[Start of section]

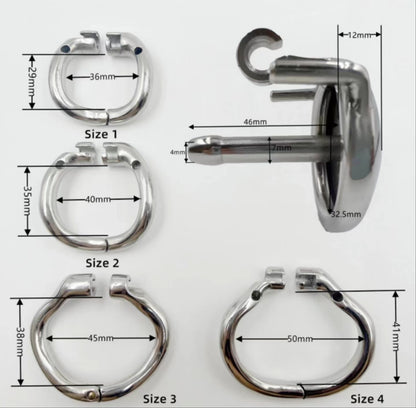 Inverted Chastity Cage Metal Urethral Catheter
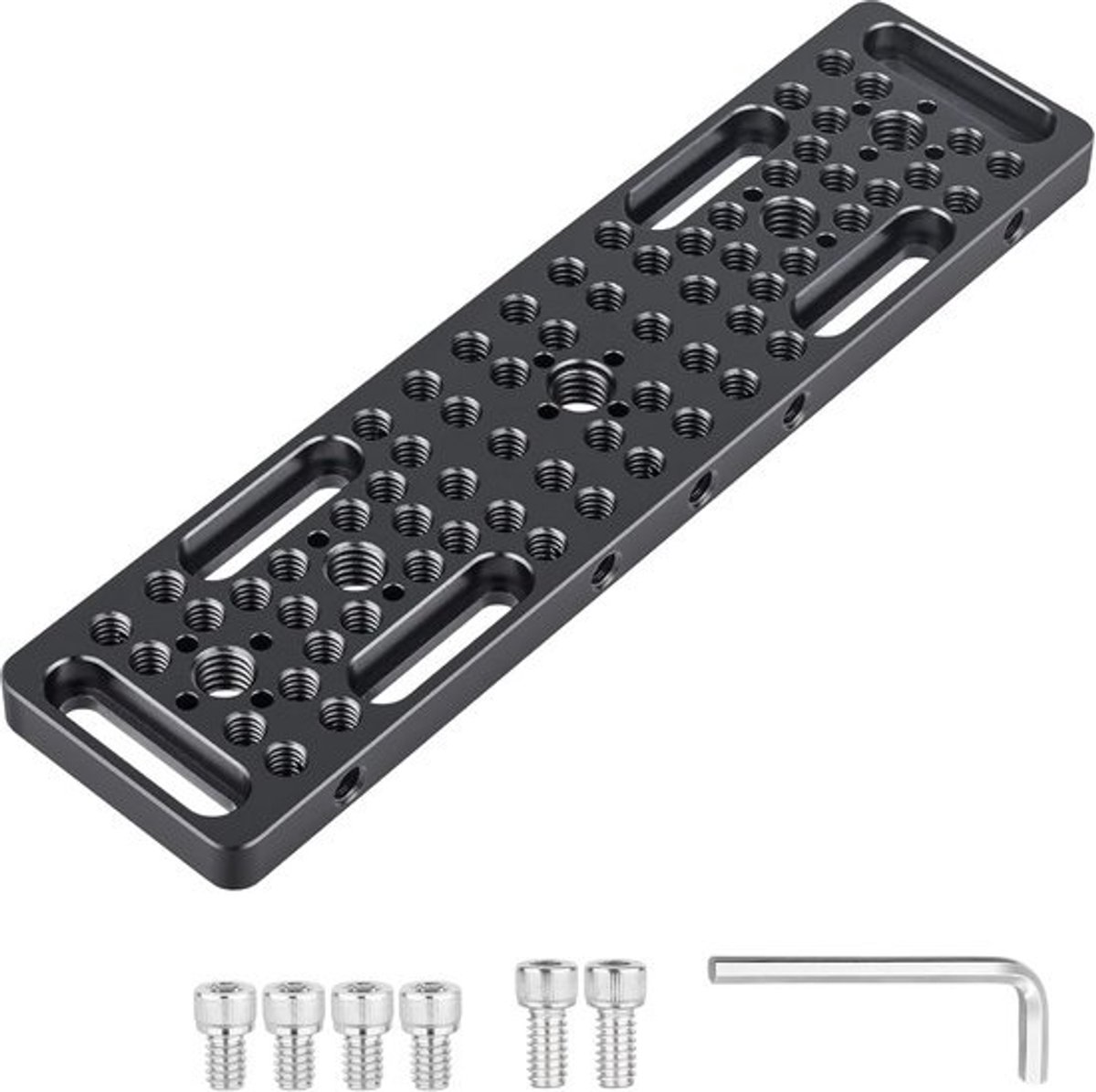 Universele Montageplaat 20x5 cm met 1/4" & 3/8" Schroefdraad voor Statief en Camera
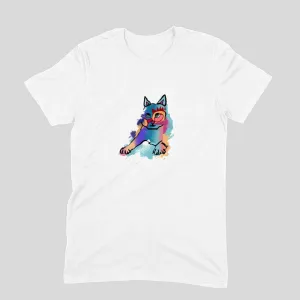 Round Neck T-Shirt (Men) - Russian Blue Sparkle Cat (11 Colours)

[End of section]

_Problem to solve_. The data must come back word for word, with every picture removed.

_Response to this exercise_.
 Inverted Chastity Cage Metal Urethral Catheter
 Universele Montageplaat 20x5 cm met 1/4" & 3/8" Schroefdraad voor Statief en Camera
 Round Neck T-Shirt (Men) - Russian Blue Sparkle Cat (11 Colours)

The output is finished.